Mas há elementos que fazem parte do mundo real e dos quais não vamos nos livrar nunca mais, seja pelo mergulho gozoso no paraíso ou nas antecâmaras do inferno. Os jornais não se sustentam mais no antigo modelo de negócios; a cultura é território de disputas filosóficas, políticas e econômicas; as mídias colaborativas podem não tomar o poder, mas não vão sair da praça.

A isso se somam ainda outros paradoxos poderosos. Nem sempre, por exemplo, mais informação significa informação melhor. Por outro lado, a antiga garantia que vinha carimbada pelos grandes meios de comunicação perdeu o prazo de validade. A imprensa, na última década, mostrou que é capaz de ultrapassar qualquer limite em nome de interesses do mercado e do Estado. E o limite intransponível da imprensa deveria ser a verdade. Em matéria de imprensa valeria tudo, menos mentir.

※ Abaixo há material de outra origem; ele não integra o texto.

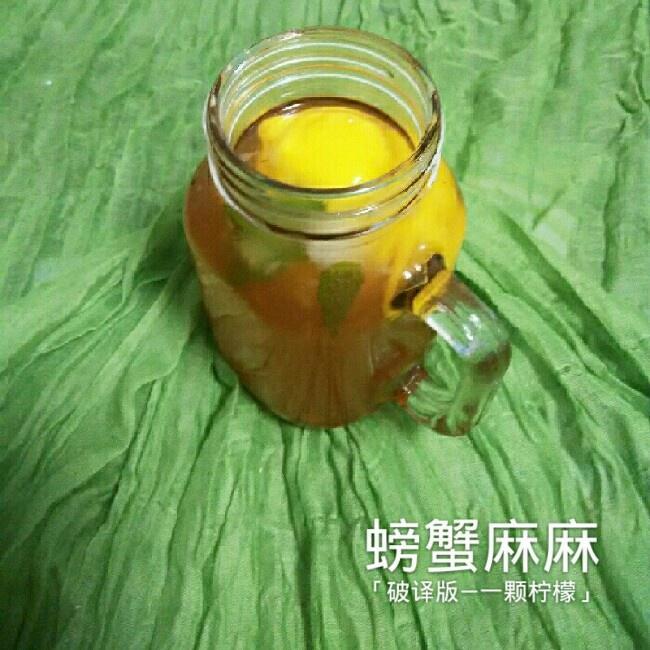 冷泡茶之一颗柠檬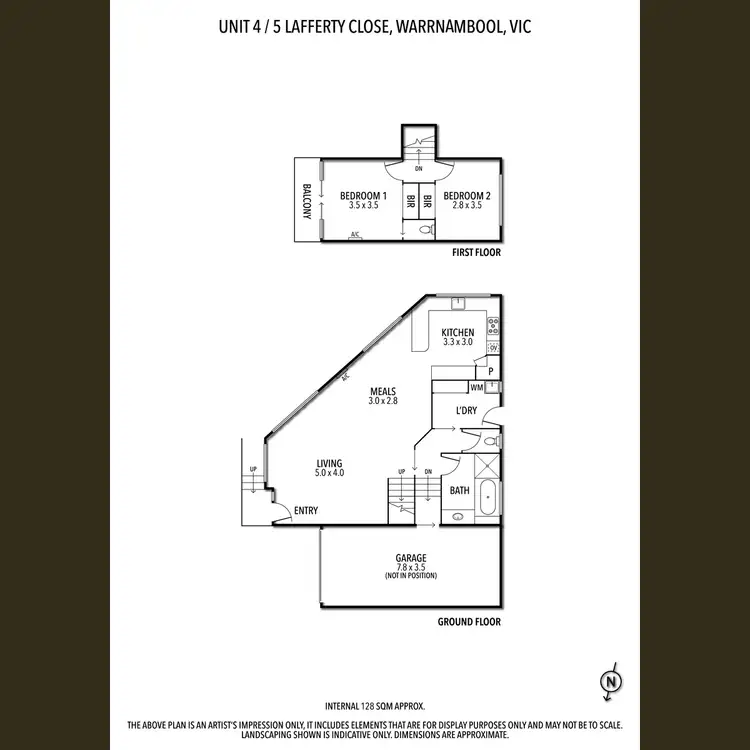 Floorplan of Homely townhouse listing, 4/5 Lafferty Close, Warrnambool VIC 3280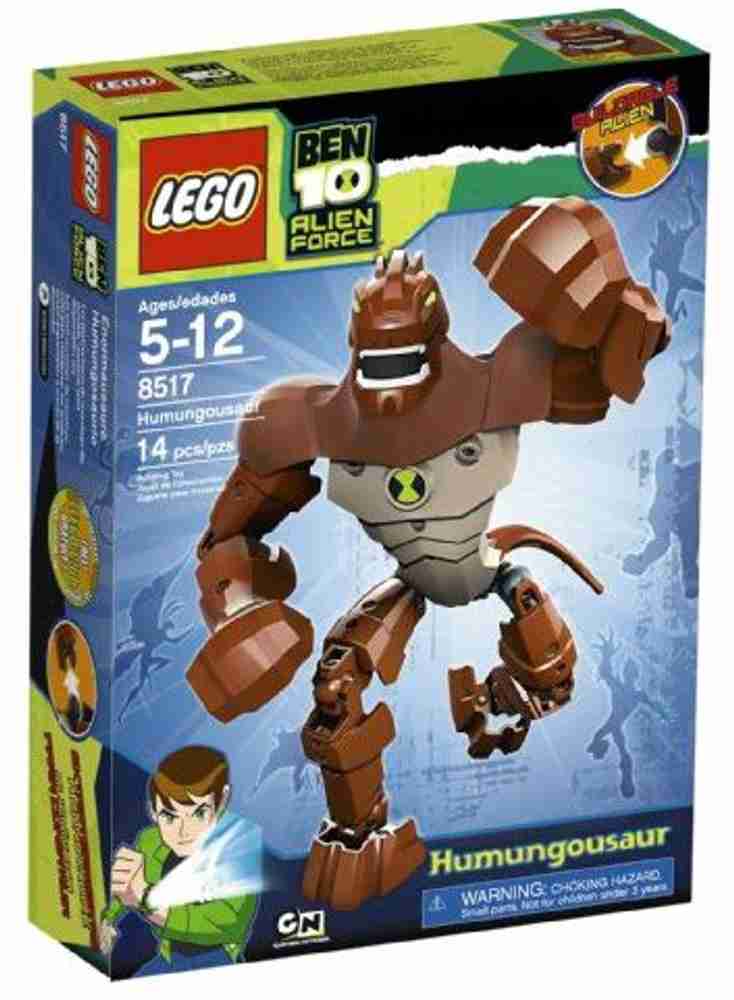 LEGO Ben 10 Alien Force Humongousaur 8517 Ben 10 Alien Force Humongousaur 8517 Buy Ben 10 toys in India. shop for LEGO products in India. Toys for 5 15 Years Kids. Flipkart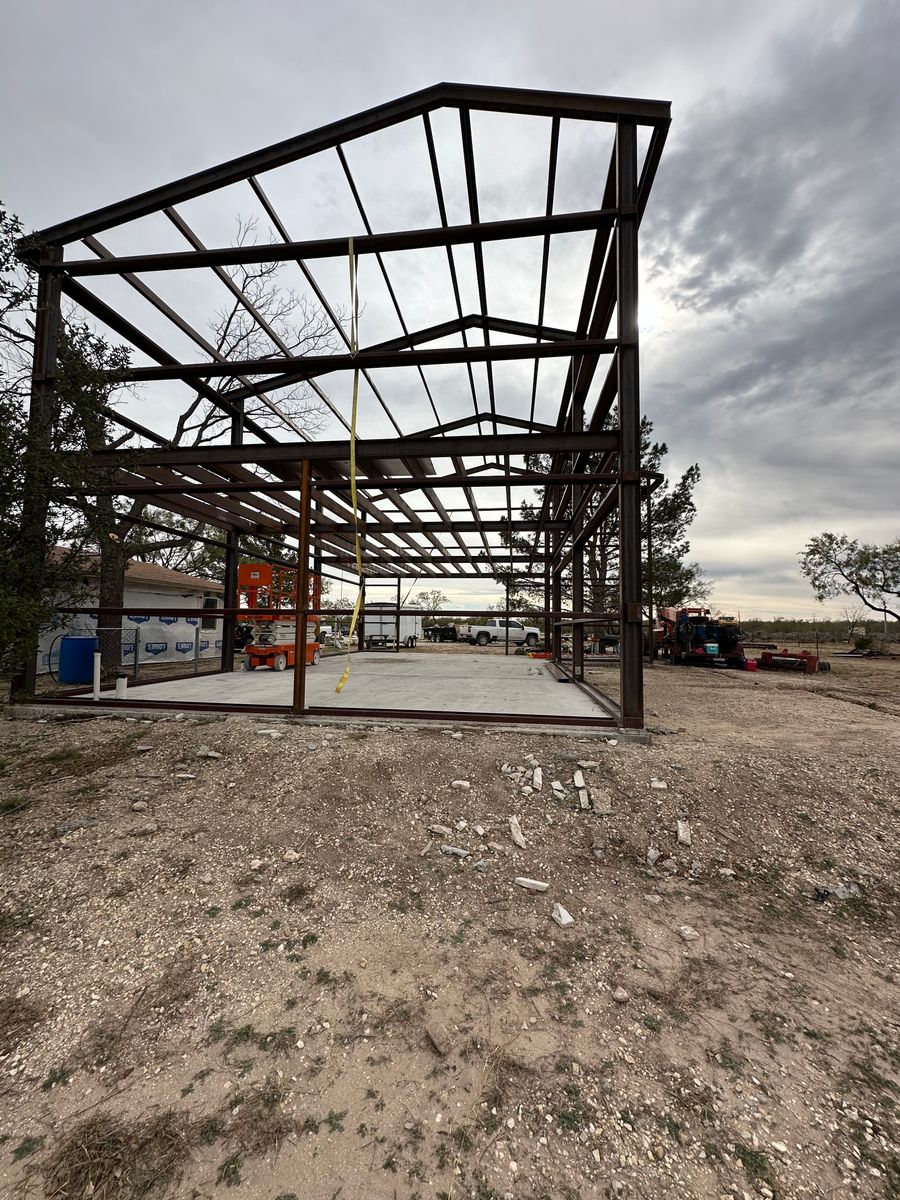 Steel Fabrication for Bean Welding & Construction LLC in Ballinger, TX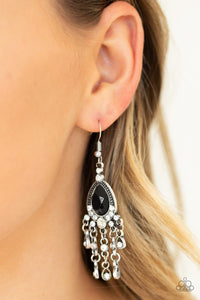 Bling Bliss Earrings - Black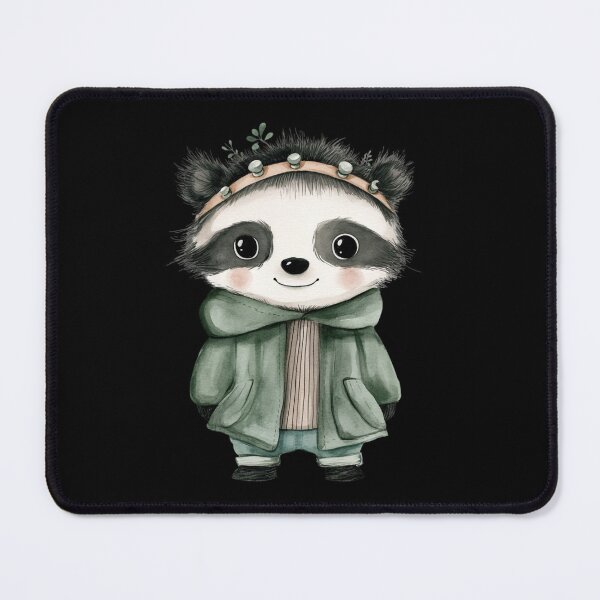 Item preview, Cute Cartoon Panda in Jacket designed and sold by hrendika.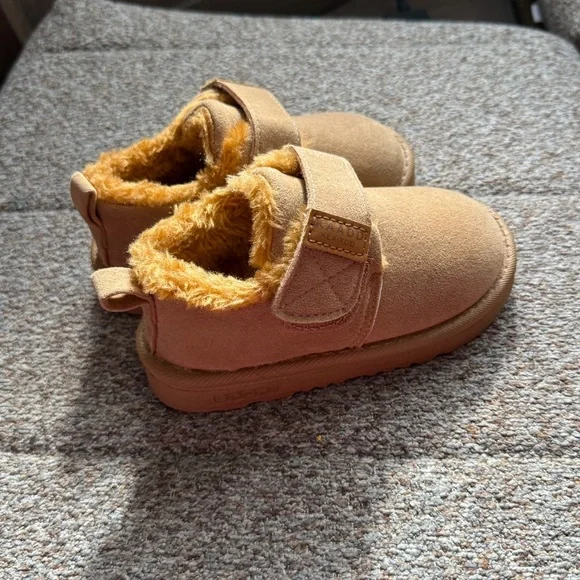 Toddler Girls Snow Boots Non-Slip Rubber Fleece Lined Low-Top with Closure Sz 6 - Picture 3 of 15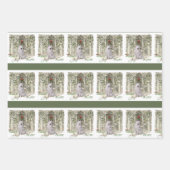 Feuille De Papier Cadeau Noël Samoyé (Devant)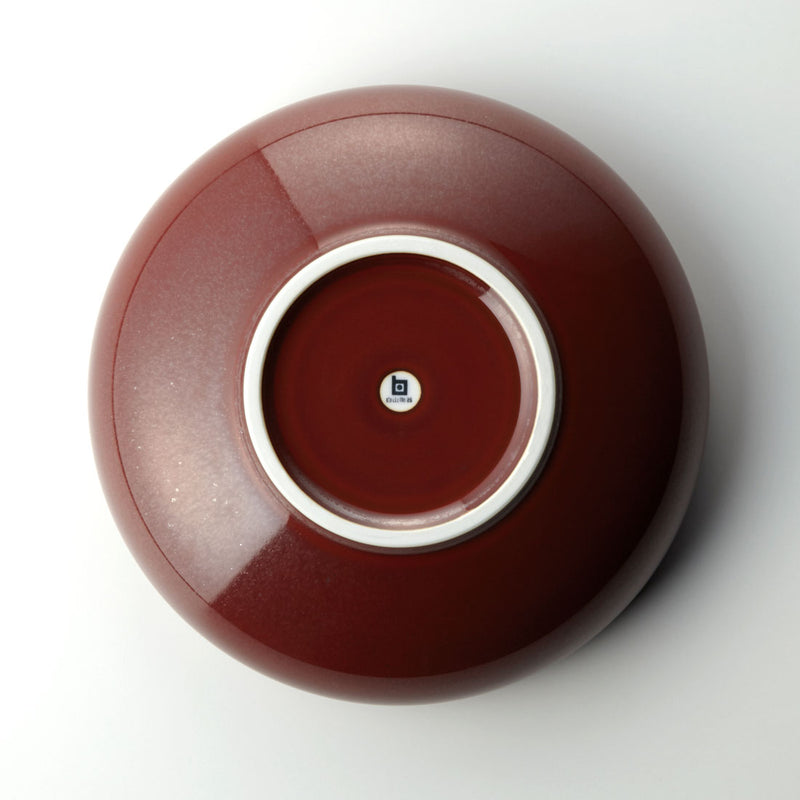 クラシック 菓子鉢 鉄赤 | 白山陶器直営オンラインストア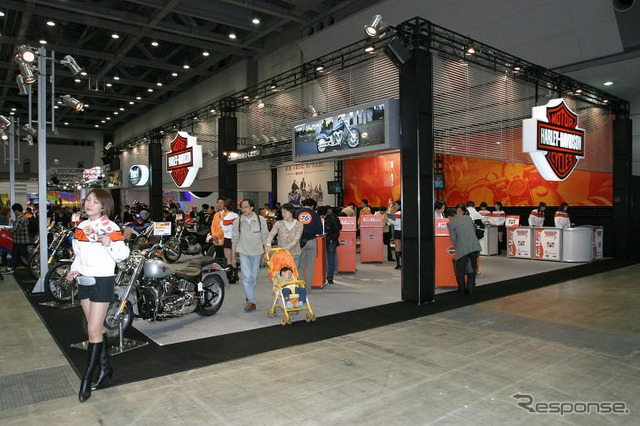 【東京モーターサイクルショー04】写真蔵…ハーレーダビッドソン/ビューエル編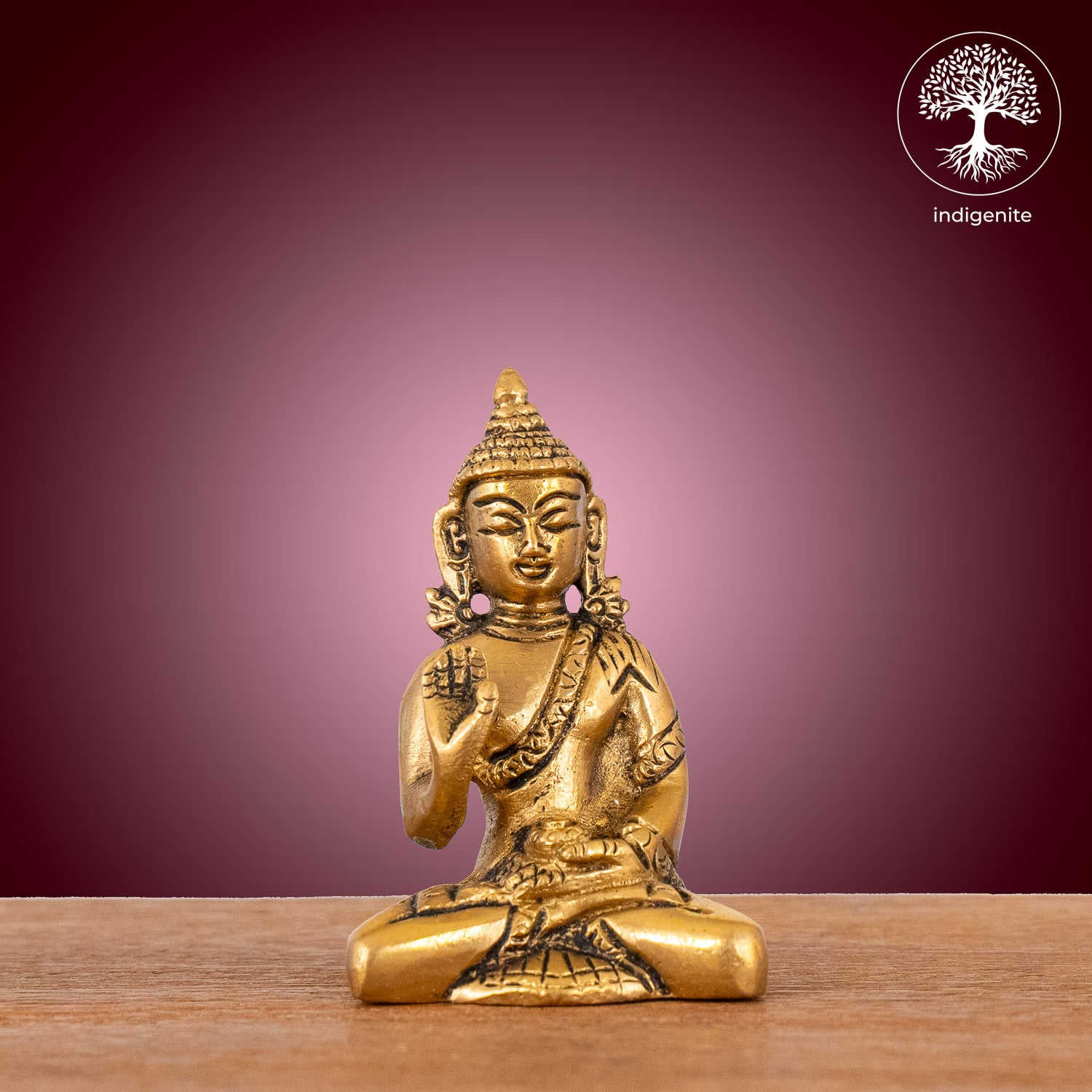 Lord Buddha Idol - Brass Statue | 3 Inch
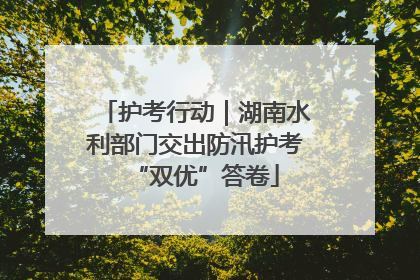 护考行动｜湖南水利部门交出防汛护考“双优”答卷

No entanto, os grandes jornais, revistas e redes de TV mentiram em relação à economia (criando um consenso que quase quebrou o mundo) e à política, compactuando com a chamada guerra ao terror, repercutindo falsidades (como a existência de armas de destruição em massa no Iraque), além de censurar conteúdos de interesse público (como a afronta aos direitos humanos em Guantánamo). Quando a “grande imprensa” mente e censura, deixou de ser grande e de ser imprensa.

O deserto do real, no entanto, precisa ser noticiado. Como fazê-lo de forma livre e democrática – e que dê um dinheirinho no fim do mês – é o desafio. Quem souber a resposta está rico. Quem não se importar com a pergunta está fora do jogo.